# WORK TASK:
Needed from the data below: every line from the one with "Peduli Covid-19, Yonif" up to and including the one with "Crystal Aura Beach", repeated exactly and with nothing else.

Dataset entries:

..........

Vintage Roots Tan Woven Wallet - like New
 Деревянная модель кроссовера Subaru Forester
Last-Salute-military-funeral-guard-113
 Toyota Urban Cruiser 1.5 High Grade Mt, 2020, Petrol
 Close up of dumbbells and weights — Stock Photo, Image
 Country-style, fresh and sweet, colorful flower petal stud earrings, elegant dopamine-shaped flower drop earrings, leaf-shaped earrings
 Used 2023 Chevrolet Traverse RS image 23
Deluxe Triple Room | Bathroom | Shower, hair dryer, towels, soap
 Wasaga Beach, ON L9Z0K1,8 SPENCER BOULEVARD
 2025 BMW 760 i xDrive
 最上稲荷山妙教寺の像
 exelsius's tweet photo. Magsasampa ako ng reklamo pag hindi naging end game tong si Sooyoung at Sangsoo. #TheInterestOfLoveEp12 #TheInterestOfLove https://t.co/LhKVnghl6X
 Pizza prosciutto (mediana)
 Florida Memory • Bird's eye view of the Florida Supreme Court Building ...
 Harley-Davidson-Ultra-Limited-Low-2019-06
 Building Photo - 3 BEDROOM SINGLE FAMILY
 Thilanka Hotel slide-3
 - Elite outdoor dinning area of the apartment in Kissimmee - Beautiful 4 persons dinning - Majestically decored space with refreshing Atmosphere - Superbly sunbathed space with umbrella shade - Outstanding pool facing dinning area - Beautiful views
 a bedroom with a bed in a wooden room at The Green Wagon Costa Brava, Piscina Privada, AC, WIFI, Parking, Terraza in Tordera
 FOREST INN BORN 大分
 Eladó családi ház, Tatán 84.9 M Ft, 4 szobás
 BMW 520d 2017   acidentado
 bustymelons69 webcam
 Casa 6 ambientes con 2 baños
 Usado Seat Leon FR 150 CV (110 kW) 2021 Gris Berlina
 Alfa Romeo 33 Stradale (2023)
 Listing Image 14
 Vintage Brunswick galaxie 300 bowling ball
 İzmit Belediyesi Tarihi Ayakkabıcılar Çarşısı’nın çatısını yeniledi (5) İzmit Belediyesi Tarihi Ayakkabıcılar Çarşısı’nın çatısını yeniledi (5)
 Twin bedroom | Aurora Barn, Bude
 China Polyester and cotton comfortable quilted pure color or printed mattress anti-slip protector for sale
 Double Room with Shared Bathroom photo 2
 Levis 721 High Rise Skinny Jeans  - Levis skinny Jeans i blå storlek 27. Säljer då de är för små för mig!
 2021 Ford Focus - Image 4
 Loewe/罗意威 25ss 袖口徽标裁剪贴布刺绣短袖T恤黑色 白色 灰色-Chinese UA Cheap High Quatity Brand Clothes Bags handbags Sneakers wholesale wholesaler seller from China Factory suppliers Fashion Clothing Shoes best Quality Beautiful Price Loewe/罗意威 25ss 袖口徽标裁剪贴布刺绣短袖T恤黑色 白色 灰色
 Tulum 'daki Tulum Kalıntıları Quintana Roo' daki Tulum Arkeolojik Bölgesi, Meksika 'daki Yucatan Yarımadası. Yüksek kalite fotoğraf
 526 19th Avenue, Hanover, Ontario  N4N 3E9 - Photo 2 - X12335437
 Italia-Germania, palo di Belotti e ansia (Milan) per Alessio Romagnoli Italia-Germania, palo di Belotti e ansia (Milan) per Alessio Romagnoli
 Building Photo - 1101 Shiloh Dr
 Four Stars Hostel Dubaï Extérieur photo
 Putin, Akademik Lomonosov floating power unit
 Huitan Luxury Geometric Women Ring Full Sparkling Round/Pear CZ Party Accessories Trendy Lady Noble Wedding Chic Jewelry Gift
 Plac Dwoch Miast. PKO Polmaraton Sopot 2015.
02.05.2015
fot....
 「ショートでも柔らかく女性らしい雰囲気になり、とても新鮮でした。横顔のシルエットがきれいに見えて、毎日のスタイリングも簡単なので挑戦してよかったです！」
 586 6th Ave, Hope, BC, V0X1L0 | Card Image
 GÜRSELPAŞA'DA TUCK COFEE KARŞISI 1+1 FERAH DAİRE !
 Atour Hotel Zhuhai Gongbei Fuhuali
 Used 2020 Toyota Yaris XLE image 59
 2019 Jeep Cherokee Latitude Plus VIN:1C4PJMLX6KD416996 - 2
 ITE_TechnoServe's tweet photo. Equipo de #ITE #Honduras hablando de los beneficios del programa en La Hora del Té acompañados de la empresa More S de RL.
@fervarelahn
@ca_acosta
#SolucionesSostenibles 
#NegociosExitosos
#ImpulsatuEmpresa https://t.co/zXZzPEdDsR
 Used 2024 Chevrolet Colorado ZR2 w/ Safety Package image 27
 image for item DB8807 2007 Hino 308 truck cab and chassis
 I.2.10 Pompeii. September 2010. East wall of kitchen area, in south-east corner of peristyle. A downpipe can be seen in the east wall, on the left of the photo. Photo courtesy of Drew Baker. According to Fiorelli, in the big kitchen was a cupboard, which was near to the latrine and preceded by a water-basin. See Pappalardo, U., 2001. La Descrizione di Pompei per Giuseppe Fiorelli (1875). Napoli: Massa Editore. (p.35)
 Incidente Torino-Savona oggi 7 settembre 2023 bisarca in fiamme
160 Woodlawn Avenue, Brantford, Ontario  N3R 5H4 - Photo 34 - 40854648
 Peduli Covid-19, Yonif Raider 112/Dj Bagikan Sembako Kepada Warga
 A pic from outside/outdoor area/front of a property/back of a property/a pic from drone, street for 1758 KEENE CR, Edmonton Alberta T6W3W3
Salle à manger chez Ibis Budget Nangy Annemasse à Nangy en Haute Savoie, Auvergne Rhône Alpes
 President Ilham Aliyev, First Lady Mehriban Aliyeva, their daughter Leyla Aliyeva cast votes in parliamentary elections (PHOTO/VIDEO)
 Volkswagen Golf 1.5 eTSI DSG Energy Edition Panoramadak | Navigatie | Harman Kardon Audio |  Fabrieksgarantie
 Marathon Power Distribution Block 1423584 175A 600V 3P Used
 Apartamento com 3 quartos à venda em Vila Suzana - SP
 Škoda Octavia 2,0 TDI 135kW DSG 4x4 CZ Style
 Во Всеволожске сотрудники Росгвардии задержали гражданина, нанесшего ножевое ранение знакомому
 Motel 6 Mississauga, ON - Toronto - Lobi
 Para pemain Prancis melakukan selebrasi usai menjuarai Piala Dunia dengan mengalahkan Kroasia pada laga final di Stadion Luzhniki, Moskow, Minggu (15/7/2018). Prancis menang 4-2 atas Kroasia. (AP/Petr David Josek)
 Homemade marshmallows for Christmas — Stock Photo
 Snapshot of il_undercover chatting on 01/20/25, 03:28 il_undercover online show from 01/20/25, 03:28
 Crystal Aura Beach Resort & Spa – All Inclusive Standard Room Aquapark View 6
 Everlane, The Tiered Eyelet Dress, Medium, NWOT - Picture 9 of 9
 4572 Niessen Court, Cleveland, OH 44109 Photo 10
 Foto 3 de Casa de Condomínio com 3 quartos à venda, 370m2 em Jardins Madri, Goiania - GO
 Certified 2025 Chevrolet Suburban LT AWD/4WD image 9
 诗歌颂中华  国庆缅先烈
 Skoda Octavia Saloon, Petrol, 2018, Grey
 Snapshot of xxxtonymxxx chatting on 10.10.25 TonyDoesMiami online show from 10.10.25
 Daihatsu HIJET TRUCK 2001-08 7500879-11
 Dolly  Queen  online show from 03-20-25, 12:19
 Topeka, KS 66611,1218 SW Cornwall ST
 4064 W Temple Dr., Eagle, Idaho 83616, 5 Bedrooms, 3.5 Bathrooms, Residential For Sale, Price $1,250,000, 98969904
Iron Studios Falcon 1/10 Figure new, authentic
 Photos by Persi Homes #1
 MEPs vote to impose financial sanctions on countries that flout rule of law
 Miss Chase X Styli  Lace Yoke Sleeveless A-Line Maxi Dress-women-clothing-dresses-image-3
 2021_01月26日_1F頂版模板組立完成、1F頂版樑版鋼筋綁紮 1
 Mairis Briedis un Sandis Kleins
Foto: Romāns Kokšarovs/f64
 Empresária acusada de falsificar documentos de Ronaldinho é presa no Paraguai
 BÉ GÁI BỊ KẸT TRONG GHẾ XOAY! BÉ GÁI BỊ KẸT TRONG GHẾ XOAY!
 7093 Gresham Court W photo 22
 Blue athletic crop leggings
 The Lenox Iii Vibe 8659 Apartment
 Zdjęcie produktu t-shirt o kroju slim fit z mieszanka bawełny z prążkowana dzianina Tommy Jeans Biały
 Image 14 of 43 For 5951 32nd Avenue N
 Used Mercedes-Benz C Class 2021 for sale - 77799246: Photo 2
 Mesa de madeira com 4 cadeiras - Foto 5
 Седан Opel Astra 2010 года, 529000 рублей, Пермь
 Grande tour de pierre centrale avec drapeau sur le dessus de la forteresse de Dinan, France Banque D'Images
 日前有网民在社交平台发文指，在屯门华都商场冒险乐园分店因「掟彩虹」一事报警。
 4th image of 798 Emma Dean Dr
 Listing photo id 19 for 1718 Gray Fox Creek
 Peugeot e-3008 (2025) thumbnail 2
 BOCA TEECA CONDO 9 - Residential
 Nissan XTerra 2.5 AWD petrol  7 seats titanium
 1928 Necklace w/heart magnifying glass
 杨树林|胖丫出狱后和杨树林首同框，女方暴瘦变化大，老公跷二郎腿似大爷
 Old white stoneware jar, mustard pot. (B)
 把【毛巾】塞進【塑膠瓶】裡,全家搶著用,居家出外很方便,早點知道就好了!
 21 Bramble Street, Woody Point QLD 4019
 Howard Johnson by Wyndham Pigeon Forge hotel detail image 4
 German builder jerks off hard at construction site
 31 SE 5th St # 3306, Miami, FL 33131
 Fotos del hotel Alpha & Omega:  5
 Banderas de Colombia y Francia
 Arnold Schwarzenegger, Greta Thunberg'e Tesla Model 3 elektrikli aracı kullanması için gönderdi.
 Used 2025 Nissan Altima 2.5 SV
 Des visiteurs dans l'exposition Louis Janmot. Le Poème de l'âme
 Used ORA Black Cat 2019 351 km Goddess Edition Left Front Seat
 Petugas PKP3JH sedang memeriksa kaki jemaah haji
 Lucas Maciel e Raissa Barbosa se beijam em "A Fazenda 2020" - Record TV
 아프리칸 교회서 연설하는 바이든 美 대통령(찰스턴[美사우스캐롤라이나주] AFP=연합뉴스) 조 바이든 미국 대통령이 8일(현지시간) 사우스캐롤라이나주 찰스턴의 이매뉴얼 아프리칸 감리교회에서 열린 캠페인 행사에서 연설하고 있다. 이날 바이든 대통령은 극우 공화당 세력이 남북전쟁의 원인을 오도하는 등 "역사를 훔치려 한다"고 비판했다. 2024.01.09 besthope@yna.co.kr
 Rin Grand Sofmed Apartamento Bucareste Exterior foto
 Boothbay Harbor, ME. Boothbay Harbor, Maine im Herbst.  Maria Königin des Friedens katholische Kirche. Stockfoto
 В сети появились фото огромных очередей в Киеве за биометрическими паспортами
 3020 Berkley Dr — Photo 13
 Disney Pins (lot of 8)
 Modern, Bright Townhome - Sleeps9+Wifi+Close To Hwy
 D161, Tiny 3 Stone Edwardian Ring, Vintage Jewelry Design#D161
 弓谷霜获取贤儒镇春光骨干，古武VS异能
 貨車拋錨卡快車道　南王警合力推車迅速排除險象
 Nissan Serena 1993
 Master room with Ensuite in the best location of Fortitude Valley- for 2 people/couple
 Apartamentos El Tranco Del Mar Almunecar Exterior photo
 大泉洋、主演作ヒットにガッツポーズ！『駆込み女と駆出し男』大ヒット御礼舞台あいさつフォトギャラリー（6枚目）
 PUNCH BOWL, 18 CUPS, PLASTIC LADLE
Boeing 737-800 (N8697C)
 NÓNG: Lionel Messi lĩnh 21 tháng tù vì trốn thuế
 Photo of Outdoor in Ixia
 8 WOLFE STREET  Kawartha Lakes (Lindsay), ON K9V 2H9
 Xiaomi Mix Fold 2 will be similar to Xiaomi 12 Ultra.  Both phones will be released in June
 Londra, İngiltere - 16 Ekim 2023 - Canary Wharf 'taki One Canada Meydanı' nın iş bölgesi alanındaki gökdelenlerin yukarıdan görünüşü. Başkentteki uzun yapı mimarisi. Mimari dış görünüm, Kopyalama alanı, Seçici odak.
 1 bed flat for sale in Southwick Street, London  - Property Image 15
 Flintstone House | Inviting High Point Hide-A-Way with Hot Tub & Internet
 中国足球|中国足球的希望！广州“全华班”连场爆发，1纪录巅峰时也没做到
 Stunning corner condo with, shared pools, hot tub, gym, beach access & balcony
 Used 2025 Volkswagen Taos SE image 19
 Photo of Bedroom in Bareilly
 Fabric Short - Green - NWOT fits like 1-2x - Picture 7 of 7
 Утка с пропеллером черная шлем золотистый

..........

# ANSWER SPACE:
 Peduli Covid-19, Yonif Raider 112/Dj Bagikan Sembako Kepada Warga
 A pic from outside/outdoor area/front of a property/back of a property/a pic from drone, street for 1758 KEENE CR, Edmonton Alberta T6W3W3
Salle à manger chez Ibis Budget Nangy Annemasse à Nangy en Haute Savoie, Auvergne Rhône Alpes
 President Ilham Aliyev, First Lady Mehriban Aliyeva, their daughter Leyla Aliyeva cast votes in parliamentary elections (PHOTO/VIDEO)
 Volkswagen Golf 1.5 eTSI DSG Energy Edition Panoramadak | Navigatie | Harman Kardon Audio |  Fabrieksgarantie
 Marathon Power Distribution Block 1423584 175A 600V 3P Used
 Apartamento com 3 quartos à venda em Vila Suzana - SP
 Škoda Octavia 2,0 TDI 135kW DSG 4x4 CZ Style
 Во Всеволожске сотрудники Росгвардии задержали гражданина, нанесшего ножевое ранение знакомому
 Motel 6 Mississauga, ON - Toronto - Lobi
 Para pemain Prancis melakukan selebrasi usai menjuarai Piala Dunia dengan mengalahkan Kroasia pada laga final di Stadion Luzhniki, Moskow, Minggu (15/7/2018). Prancis menang 4-2 atas Kroasia. (AP/Petr David Josek)
 Homemade marshmallows for Christmas — Stock Photo
 Snapshot of il_undercover chatting on 01/20/25, 03:28 il_undercover online show from 01/20/25, 03:28
 Crystal Aura Beach Resort & Spa – All Inclusive Standard Room Aquapark View 6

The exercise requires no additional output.